=== DATA FOR PROCESSING ===

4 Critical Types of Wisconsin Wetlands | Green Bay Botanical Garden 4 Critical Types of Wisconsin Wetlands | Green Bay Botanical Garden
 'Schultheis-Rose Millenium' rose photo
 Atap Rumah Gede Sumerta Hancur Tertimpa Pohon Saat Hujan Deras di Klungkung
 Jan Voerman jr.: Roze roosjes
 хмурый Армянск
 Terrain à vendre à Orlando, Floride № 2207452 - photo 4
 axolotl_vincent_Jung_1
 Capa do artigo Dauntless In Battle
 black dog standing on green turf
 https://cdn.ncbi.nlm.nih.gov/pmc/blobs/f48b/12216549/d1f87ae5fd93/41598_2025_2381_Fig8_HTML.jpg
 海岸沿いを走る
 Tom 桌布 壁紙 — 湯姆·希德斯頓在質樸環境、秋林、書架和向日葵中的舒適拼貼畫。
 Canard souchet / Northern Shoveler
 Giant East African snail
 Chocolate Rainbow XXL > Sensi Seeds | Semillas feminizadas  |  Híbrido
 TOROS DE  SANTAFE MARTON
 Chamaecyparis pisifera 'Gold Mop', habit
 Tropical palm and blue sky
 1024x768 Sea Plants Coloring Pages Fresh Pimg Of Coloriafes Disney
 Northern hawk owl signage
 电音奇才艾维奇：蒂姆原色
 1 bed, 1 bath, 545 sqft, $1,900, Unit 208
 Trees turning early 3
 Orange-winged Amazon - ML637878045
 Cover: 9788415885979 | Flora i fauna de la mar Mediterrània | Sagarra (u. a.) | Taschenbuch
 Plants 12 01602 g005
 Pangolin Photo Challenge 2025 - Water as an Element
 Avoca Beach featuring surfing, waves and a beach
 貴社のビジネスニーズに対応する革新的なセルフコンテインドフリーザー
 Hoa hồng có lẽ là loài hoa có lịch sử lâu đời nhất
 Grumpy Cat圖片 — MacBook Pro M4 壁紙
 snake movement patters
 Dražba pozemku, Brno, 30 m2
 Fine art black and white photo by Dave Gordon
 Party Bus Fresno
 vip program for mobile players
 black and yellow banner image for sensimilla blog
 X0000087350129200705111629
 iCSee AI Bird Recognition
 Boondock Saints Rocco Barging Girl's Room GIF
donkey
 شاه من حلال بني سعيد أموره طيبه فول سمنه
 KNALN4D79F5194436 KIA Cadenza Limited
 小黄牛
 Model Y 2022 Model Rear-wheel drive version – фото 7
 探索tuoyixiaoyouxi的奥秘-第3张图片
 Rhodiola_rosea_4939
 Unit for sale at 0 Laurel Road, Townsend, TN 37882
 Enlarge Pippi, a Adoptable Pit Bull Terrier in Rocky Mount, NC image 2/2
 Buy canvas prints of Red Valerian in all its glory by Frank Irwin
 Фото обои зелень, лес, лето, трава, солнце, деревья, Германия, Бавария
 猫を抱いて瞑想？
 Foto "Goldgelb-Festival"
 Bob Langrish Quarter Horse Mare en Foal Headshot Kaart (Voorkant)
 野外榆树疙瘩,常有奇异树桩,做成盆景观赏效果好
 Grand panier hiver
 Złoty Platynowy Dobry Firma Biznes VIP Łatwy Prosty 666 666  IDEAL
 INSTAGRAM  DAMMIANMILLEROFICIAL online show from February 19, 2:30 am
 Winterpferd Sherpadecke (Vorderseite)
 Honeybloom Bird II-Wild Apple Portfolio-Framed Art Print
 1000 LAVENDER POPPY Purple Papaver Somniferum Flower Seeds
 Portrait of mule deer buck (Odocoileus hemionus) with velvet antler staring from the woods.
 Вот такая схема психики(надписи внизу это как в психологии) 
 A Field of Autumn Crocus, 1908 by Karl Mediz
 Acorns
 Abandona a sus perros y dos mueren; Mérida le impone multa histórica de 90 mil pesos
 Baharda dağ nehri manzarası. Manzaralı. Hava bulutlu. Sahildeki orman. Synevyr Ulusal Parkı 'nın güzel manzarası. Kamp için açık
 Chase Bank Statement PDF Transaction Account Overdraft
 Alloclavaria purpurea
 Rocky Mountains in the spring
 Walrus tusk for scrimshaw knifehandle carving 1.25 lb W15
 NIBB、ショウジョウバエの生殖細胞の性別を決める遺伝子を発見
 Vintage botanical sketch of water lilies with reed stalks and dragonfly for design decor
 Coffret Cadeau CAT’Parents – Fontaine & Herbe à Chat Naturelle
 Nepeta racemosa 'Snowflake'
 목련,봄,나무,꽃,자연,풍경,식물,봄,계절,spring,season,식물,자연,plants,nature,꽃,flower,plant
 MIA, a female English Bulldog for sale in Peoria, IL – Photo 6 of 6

===

**BRIEF:** In the answer, please give only the lines from the line containing "Вот такая схема" through the final line of the data, copied exactly.

**EXPECTED ANSWER:**
 Вот такая схема психики(надписи внизу это как в психологии) 
 A Field of Autumn Crocus, 1908 by Karl Mediz
 Acorns
 Abandona a sus perros y dos mueren; Mérida le impone multa histórica de 90 mil pesos
 Baharda dağ nehri manzarası. Manzaralı. Hava bulutlu. Sahildeki orman. Synevyr Ulusal Parkı 'nın güzel manzarası. Kamp için açık
 Chase Bank Statement PDF Transaction Account Overdraft
 Alloclavaria purpurea
 Rocky Mountains in the spring
 Walrus tusk for scrimshaw knifehandle carving 1.25 lb W15
 NIBB、ショウジョウバエの生殖細胞の性別を決める遺伝子を発見
 Vintage botanical sketch of water lilies with reed stalks and dragonfly for design decor
 Coffret Cadeau CAT’Parents – Fontaine & Herbe à Chat Naturelle
 Nepeta racemosa 'Snowflake'
 목련,봄,나무,꽃,자연,풍경,식물,봄,계절,spring,season,식물,자연,plants,nature,꽃,flower,plant
 MIA, a female English Bulldog for sale in Peoria, IL – Photo 6 of 6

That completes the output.